Aaah, I had totally missed that write forwarding didn't happen transparently, but something that needs to be explicitly done (found https://fly.io/docs/litefs/migrations/#write-forwarding).

So I guess the biggest difference is that for the HTTP query API, I can't have some logic decide what to do depending on which state is in the database transactionally, right?

Do you plan to keep the write forwarding? I had a look at the Go client. For my use case, I think locking on the replica but with a really tight deadline would be a fine approach as well, but I guess the deadline then also depends on the distance between leader and replica.

My services are Go services, so I'd be happy to try out any Go clients. (But I'm going on paternity leave soon, so might not make it before then.)

So I guess the biggest difference is that for the HTTP query API, I can't have some logic decide what to do depending on which state is in the database transactionally, right?

Sort of. SQLite has some limited support for logic within queries (e.g. upserts). That's one option. I've been thinking about making user-defined functions available too but I'm not sure how that'd work quite yet.

Do you plan to keep the write forwarding?

Yes, we're planning on keeping it. I think there are some use cases where it makes sense. There's also some improvements we can make to it such as heartbeating to detect if the client is still connected.

@benbjohnson may I suggest you use our format for that (Which is fully documented)? The main advantage of course is that you can reuse our drivers, and don't have to write yours. Also increases compatibility.

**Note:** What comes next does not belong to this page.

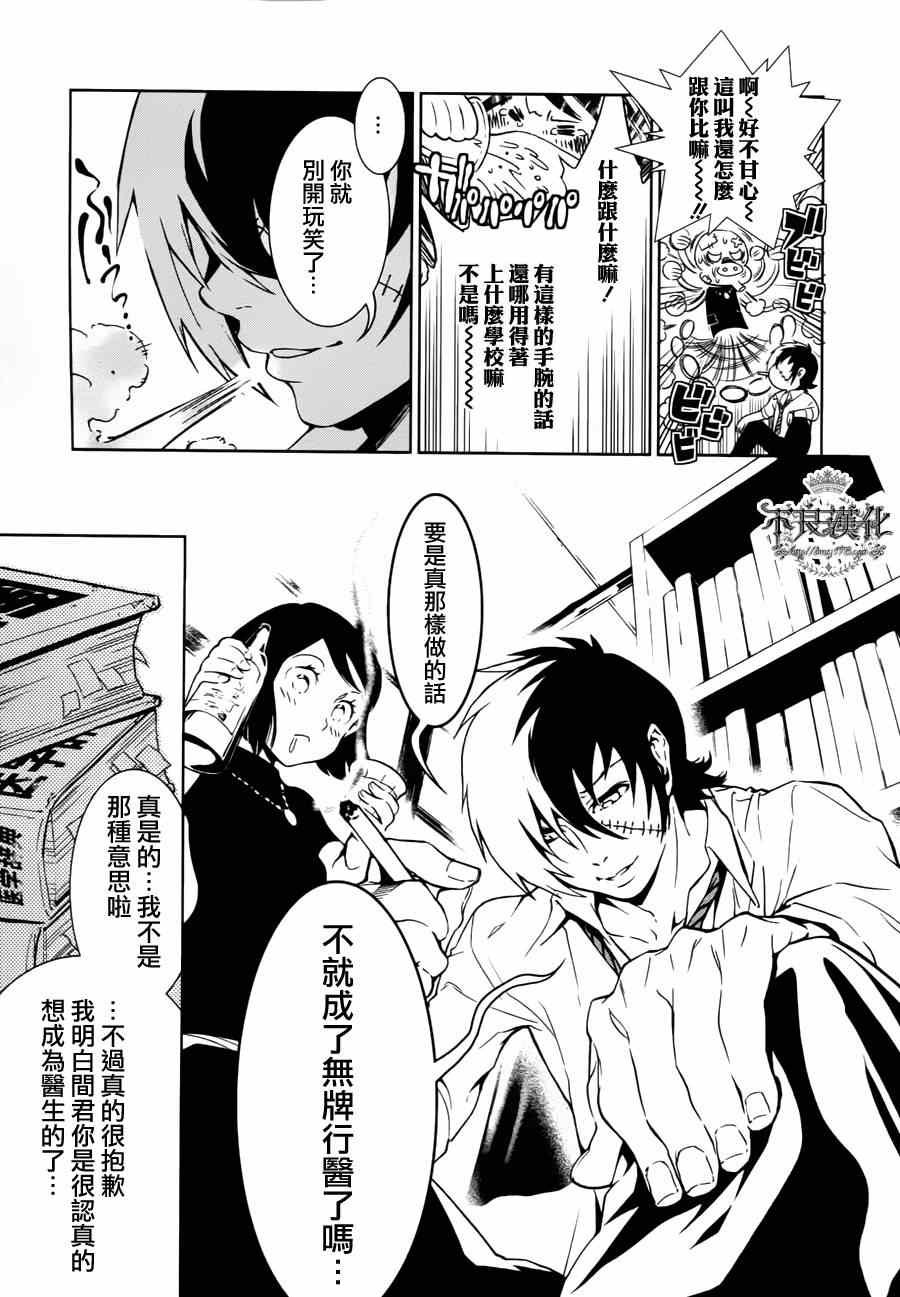 第1话 医生在哪儿啊？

Thanks, @glommer. I read the spec before but I can't seem to find it now. Do you have the link by chance?

My one concern with the API was that the full result set was returned as an array. It seems like that would require a lot of RAM usage by the client since JSON libraries typically parse the full root object at a time. Have you considered using an ndjson format instead so you can stream the results?

https://github.com/libsql/sqld/tree/main/docs => look for HRANA and HTTP specs. We're currently at V2.
I know there's a reason for us doing the way we do, but I can't comment on the top of my head. However, we're of course willing to evolve this with you. Having two ways of doing the same thing benefits nobody, especially for things that require client libraries.

For example, if you implement our spec, you already get Rust, Typescript, Python and golang for free. We have all of that. And if there are concerns about performance (which we obviously always want to improve), we can evolve v3 together.

I'm with @glommer here. I think it would make more sense to start with something more de facto standard, and then evolve.

Provided starting with the standard doesn't preclude the evolution to something better. Which I believe is the case here.

Yeah, I'm all for not reinventing the wheel. Thanks for the links! I'll take a look at them. I don't see any reason we can't use that protocol.